An aerial photograph of Serpent Mound taken from a drone. The mound is a National Historic Landmark. Credit: Jarrod Burks.

Fall 2017: By David Malakoff.

Anyone who has tried to catch a snake knows the reptiles are elusive. So it only seems appropriate that Serpent Mound, a twisting, quarter-mile long, three-foot-high earthwork in southern Ohio, has eluded archaeologists’ grasps for decades. Over the past 170 years, researchers have offered changing and conflicting views on the age of the iconic effigy, which has been designated a National Historic Landmark. Some believe that people of the Adena culture, who created countless elaborate earthen mounds in the central Ohio River Valley and adjacent lands, built the serpent about 2,300 years ago.

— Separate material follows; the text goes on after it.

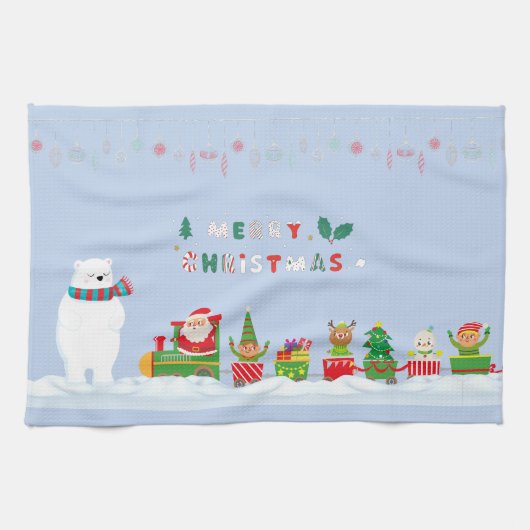 Santa und der Eisbär Geschirrtuch (Horizontal)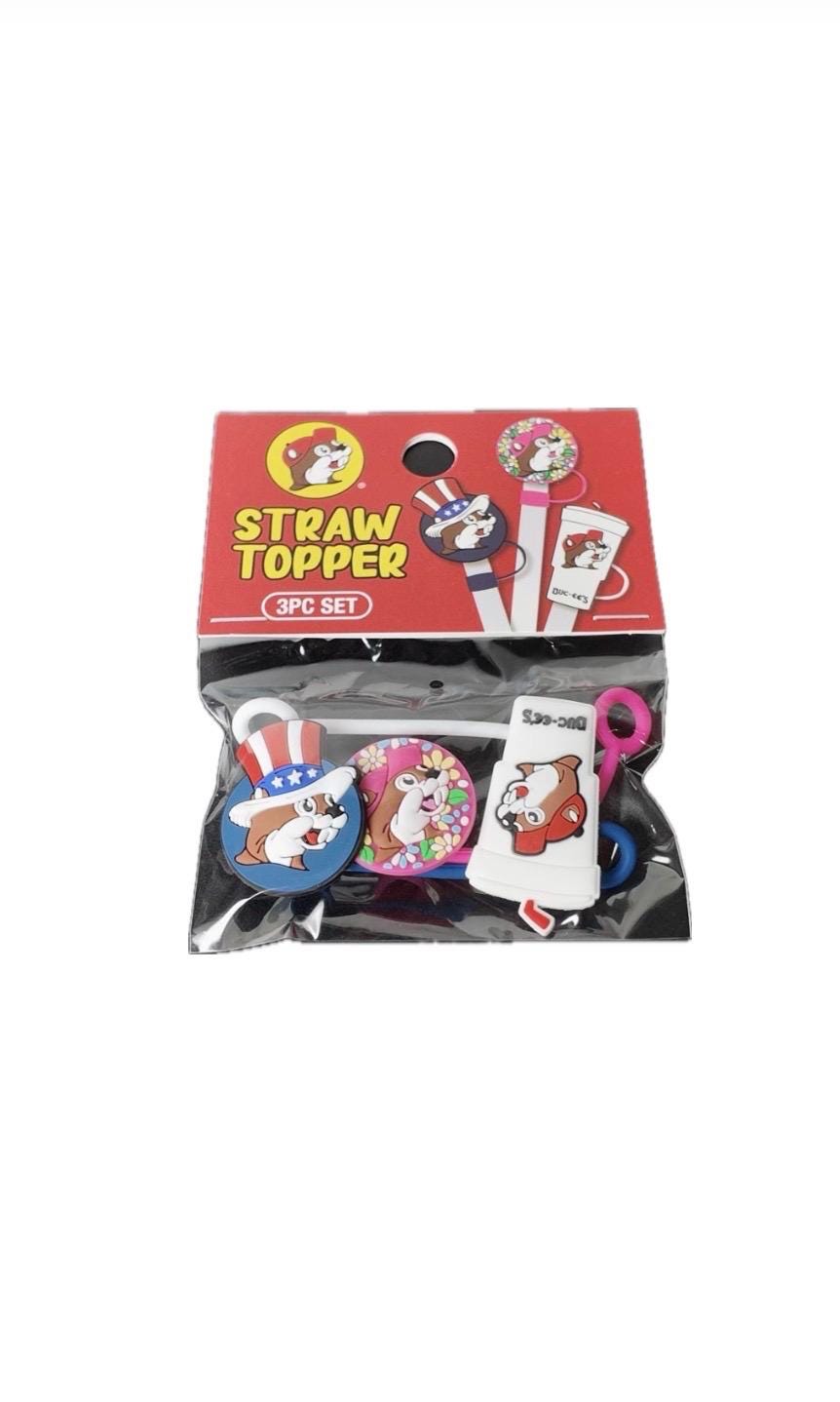 Buc-ee’s Straw Stoppers, Pack of 3 Stoppers, Silicone Toppers, Bucees Tumbler, 3 different designs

But others assert that it’s less than half that age, and that it was produced by the Fort Ancient people, who also built earthworks in this region.

Regardless of who is right, recent research has cast new light on one of North America’s most distinctive, mysterious, and disputed ancient sites. “The great Serpent Mound is a really special place,” said archaeologist Bradley Lepper of the nonprofit Ohio History Connection, which owns the site. “You can’t walk along those curves without wanting to know more about who built it, when they built it, and what they were thinking. It is just a fascinating effigy.”

In the 1840s, journalist Ephraim Squier and physician Edwin Davis—both avid artifact collectors—embarked on a systematic effort to document and map ancient earthworks across the Eastern United States. In 1846, acting on a vague tip about a “work of defence” atop a heavily wooded cliff overlooking Brush Creek in Adams County, the two men were surprised to find the giant effigy. After careful mapping (a backbreaking task), its form became clear: an enormous egg-shaped head with a single eye, attached to a body with a half-dozen curves and a tightly coiled tail. It was, they later wrote, “probably the most extraordinary earthwork thus far discovered.” Scholarly speculation about the serpent’s origins began swirling.

Excerpt.

Read more about 3D Modeling Ohio Earthworks from our recent blog by Jamie Davis.

Read More in our FALL 2017 Issue of American Archaeology, Vol. 20 No. 4. Browse Content of this Issue: Fall 2017 . Browse Articles Excerpts from our last issue, SUMMER 2017.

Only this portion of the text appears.